Um desfecho trágico para um crime onde ainda há muito por explicar, sendo que as questões são inúmeras. Porque razão disparou Cláudio Valente, de 48 anos, sobre os alunos de Brown e o que o levou a matar Nuno Loureiro, de quem tinha sido colega no curso de Engenharia Física Tecnológica, no Instituto Superior Técnico, em Lisboa?
As respostas são ainda escassas, mas parte delas começaram a ser escritas há 25 anos, quando os dois se cruzaram na universidade. Os testemunhos são agora muitos de colegas que recordam como tudo começou.

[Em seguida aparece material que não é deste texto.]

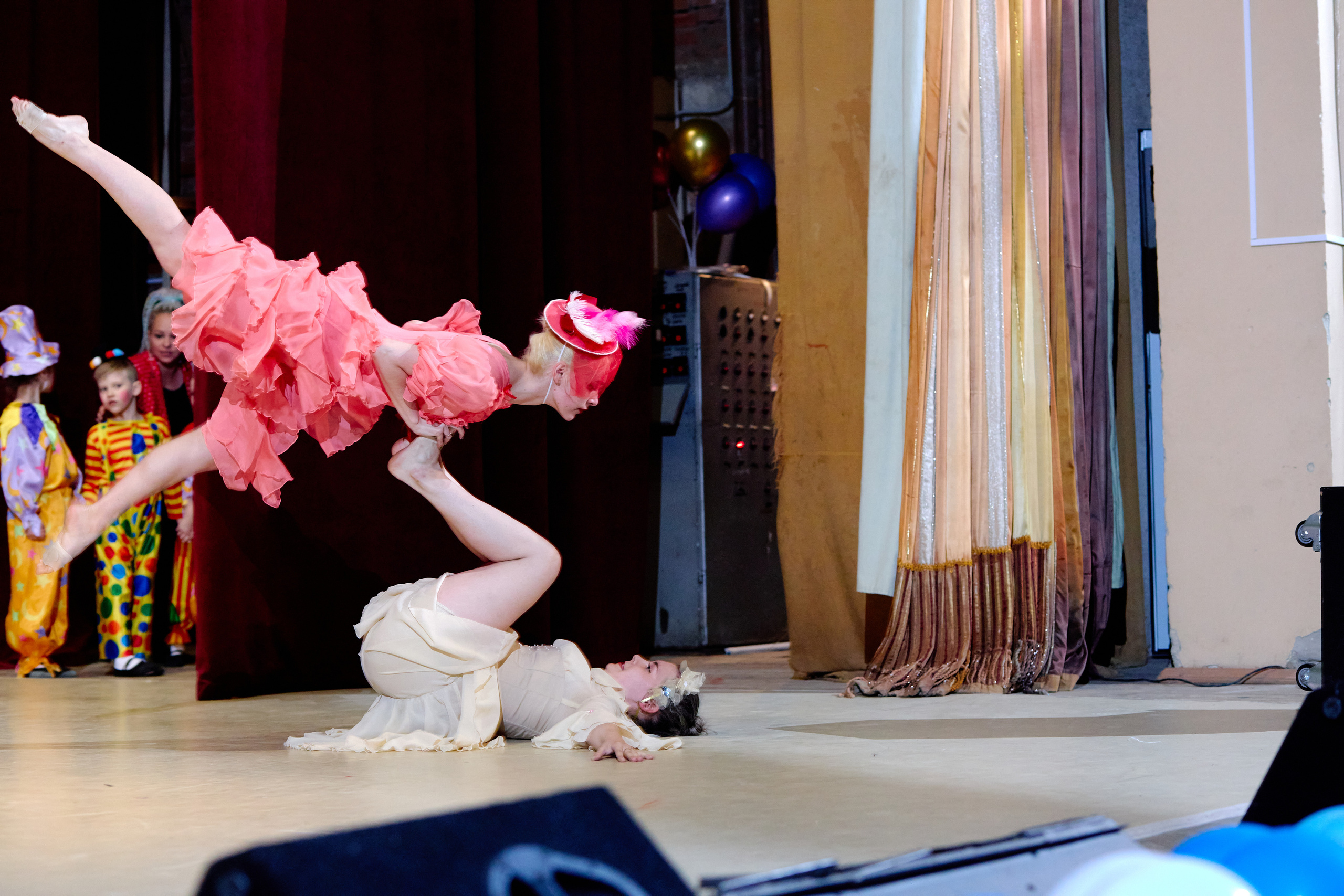 Аврора. Фотограф Выпускные альбомы Таганрог Сергей Коробченко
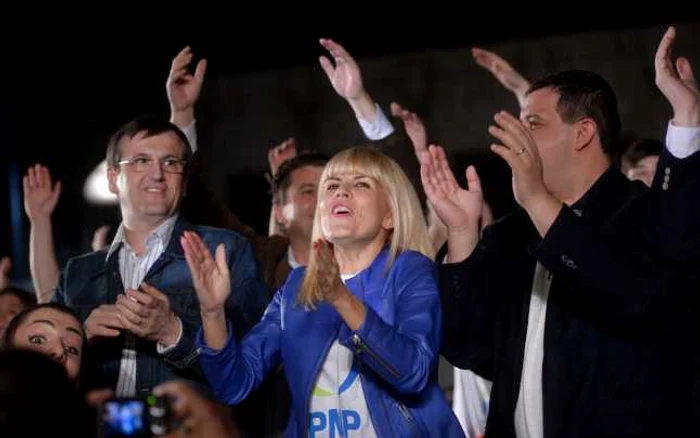 Cristian Preda (dreapta), Elena Udrea si Eugen Tomac (stânga), în timpul unui flashmob prin care Partidul Miscarea Populara şi-a lansat candidaţii la alegerile ruroparlamentare, 4 aprilie 2014. FOTO Mediafax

Cláudio Valente, natural do Entrocamento, e Nuno, de 47 anos, cruzaram-se no Técnico onde eram considerados dois pequenos génios da Física. No entanto, os seus percursos não podiam ser mais díspares e enquanto Loureiro teria um sucesso sem precedentes que o levaria a ser uma referência na área, Cláudio não concluiu o doutoramento, não passaria de uma promessa.
Os antigos professores indignam-se agora e quem privou com os dois fala de uma raiva contida da parte de Cláudio pelo sucesso do rival, que ele poderia ter alcançado e nunca teve. Filipe Moura, professor de Matemática no ISCTE, que foi assistente de Análise Matemática III no segundo ano de faculdade de Cláudio, recorda-se perfeitamente da personalidade do aluno. “Ele era conflituoso com os colegas. Achava-se mais inteligente do que os colegas e gostava de mostrar isso. Devia estar habituado a ser o melhor do secundário", escreveu numa publicação do Facebook, onde acrescenta que o homicida tinha a necessidade de sentir aprovação por parte dos seus pares. “O Cláudio evidentemente era um dos melhores, mas nas aulas tinha uma necessidade muito grande de se fazer notar e de mostrar que era melhor do que os outros. Em princípio gosta-se de dar aulas a bons alunos, mas a atitude do Cláudio era desagradável, envolvendo-se frequentemente em quezílias com colegas que ele não considerava tão brilhantes como ele (e que provavelmente não eram — mas eram seus colegas e tinham todo o direito de estarem ali). Eram quezílias totalmente desnecessárias, que não adiantavam nada à aula e que faz com que a recordação de dar aulas ao Cláudio nem seja das melhores.”
Depois da universidade, Cláudio seguiu para Brown, mas não terminou a formação a que se propôs sendo que Nuno continuaria o percurso primeiro em Londres, depois nos Estados Unidos. Já o homicida, regressaria mais tarde a Portugal, tendo trabalhado vários anos na Sapo, numa altura em que, de acordo com o 'The New York Times', cortaria relações com a família. “[Os pais] Estão devastados”, disse uma amiga, Mirita Domingues, à publicação. “A mãe dele disse esta manhã que se preocupava com que da próxima vez que ouvisse falar sobre ele, ele estivesse morto.”
Depois da passagem pela Sapo, de onde saiu por vontade própria, com colegas a descreverem-no como efetivamente brilhante, mas com poucas aptidões sociais, regressaria aos Estados Unidos em 2017, tendo conseguido o estatuto de residente permanente legal. Residia desde então em Miami, numa moradia, não era casado nem tinha filhos e algo que pode ajudar a compreender alguma premeditação no crime foi o facto de há apenas um mês ter deixado essa mesma residência para se mudar para Boston, onde é o principal suspeito dos crimes sobre os estudantes e Nuno Loureiro, sendo que as autoridades tentam agora escrutinar o passado e a relação entre os dois Físicos no sentido de tentar perceber o que motivou o homicídio.
“Todas as hipóteses podem estar em cima da mesa”, disse um ex-colega do Sapo ao 'Observador'. "Pode tratar-se de alguma competição académica por resolver, algum assunto inacabado que não conseguiu ultrapassar, ou de cair numa espiral descendente de ressentimentos em relação ao mundo académico. Decidiu atirar não só sobre o Nuno, mas também sobre o auditório da Universidade de Brown.”